What are your expectations for the collaborative session today?
I just want to convey that music doesn’t have a face.
Skott: Expectations can be dangerous sometimes. So I’ve been learning to not expect things. I just want to go with the flow and see what happens. You can’t really force music, so you just have to let it come.
Twelve’Len: [Skott’s] music is amazing, so I hope to create something beautiful. We both come from completely different worlds, even with the style of music to a certain extent, so I’m anxious to see what comes from it.
What’s your typical songwriting process, and how does that change when you’re working with another artist?
Skott: When you’re working with another artist, you need to make sure you’re both happy and both of you need to have the last word. So you need to compromise and be open to that. Sometimes when I collaborate with a songwriter, I can be a bit bossy. That doesn’t sound good, but it’s like that. It can be a challenge when you’re working with another artist to compromise in that way.
Twelve’Len: I like to work hands on with the producer, mainly. So I do a lot of executive producing and production for myself. But when it’s just me, it’s just me doing my thing. I like to light my candles and sit inside a studio and just write and record. But working with another artist, I like to leave room and [to] let them lead as well, because I have to learn [too].
What’s the most rewarding part of collaborating with other artists and meeting them in the middle?
Skott: With anything in life, when you’ve done something together with someone, you get to share it together, too. It’s so much more fun to be happy about something together.

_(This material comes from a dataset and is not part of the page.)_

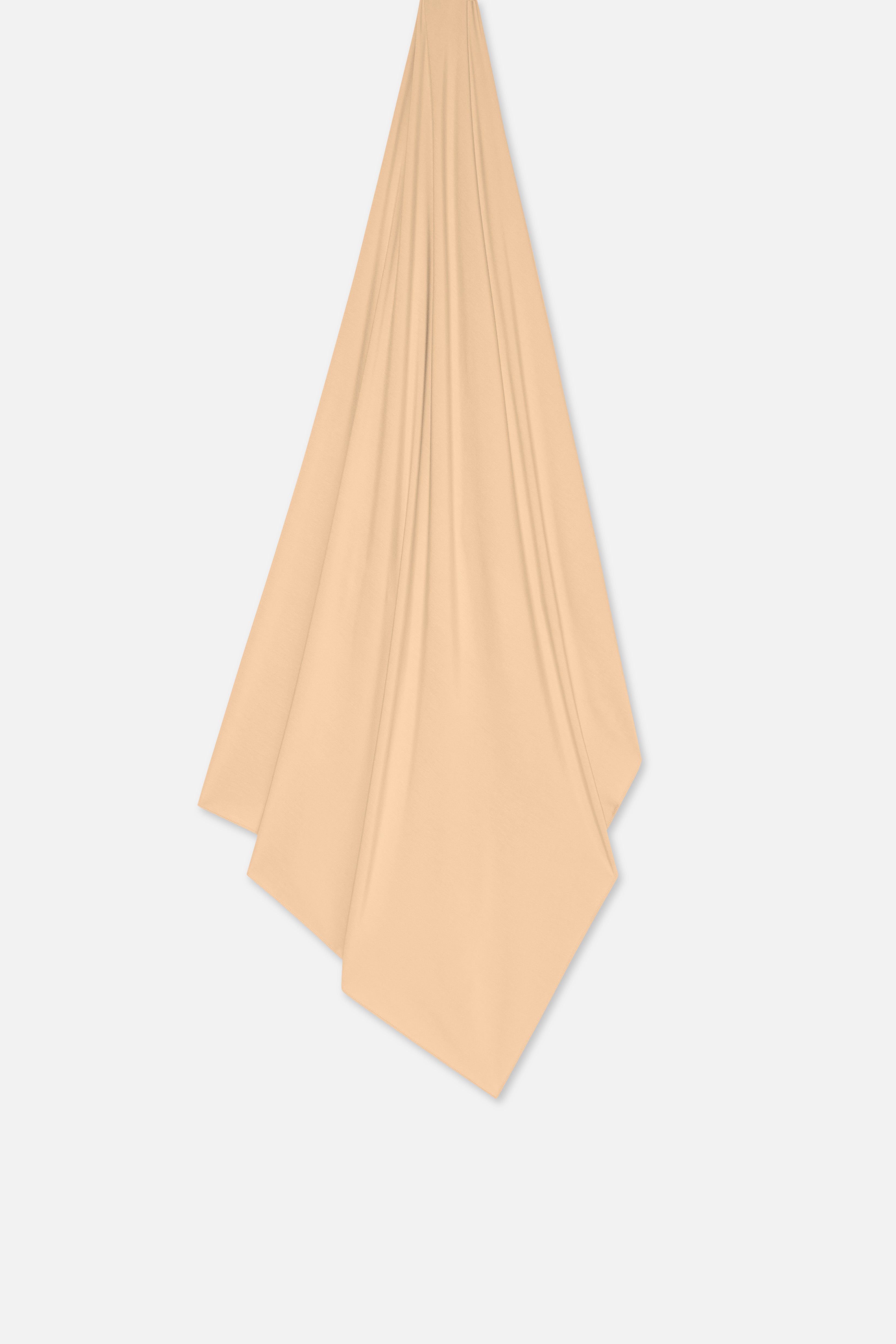 Bamboo Jersey Scarf | Beige Rose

That’s the best part.
I want to open those boxes. I want to help people get to know themselves.
Twelve’Len: The biggest gain from collaborating is being able to work with someone and learn from someone. I started off rapping, so it’s fast-paced, all about syllables and different flows. But when it’s singing, you can take your time to get the message across more clearly.
I’m always trying to learn different ways to go about writing.

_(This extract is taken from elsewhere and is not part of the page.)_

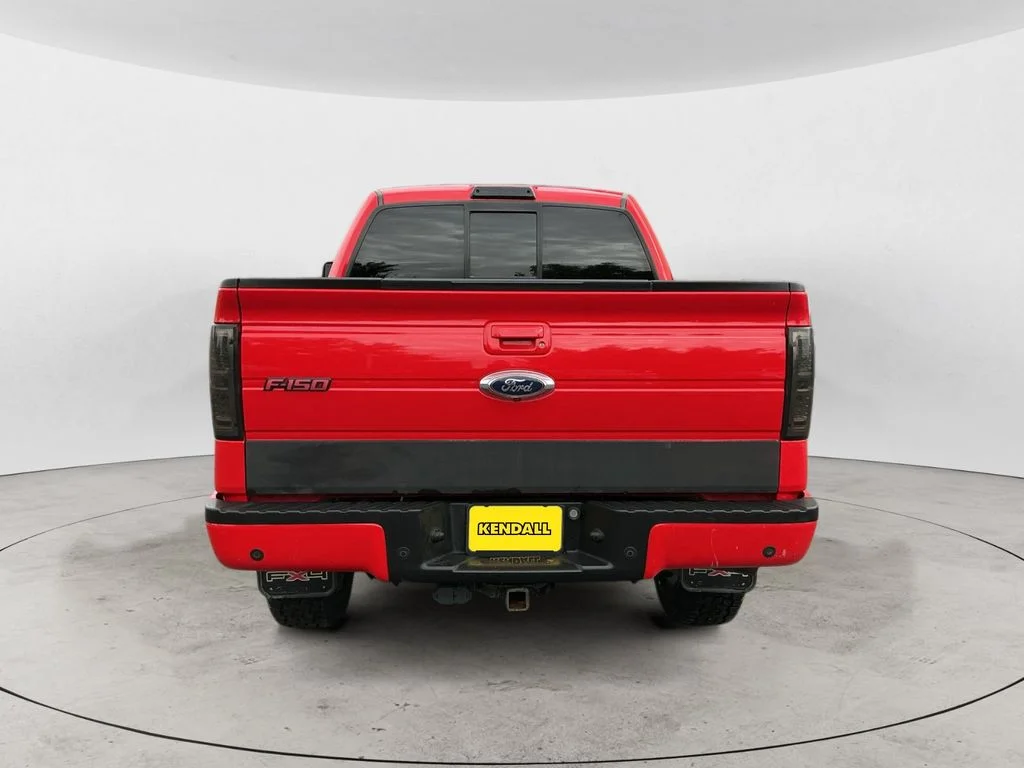 Used 2014 Red Ford Platinum image 10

How important is it to collaborate—within music, and also in the world at large?
Skott: It’s really important to collaborate in the world in general. You can learn so much from each other. You challenge each other, which can be very scary or painful even sometimes, but that’s how we grow.
Twelve’Len: If all you know is yourself, then that’s all you’re gonna know. If all you know is the people around you, you’re only gonna know as much as those people know. You always have to try to expand and be open to learn and grow, whatever your craft is.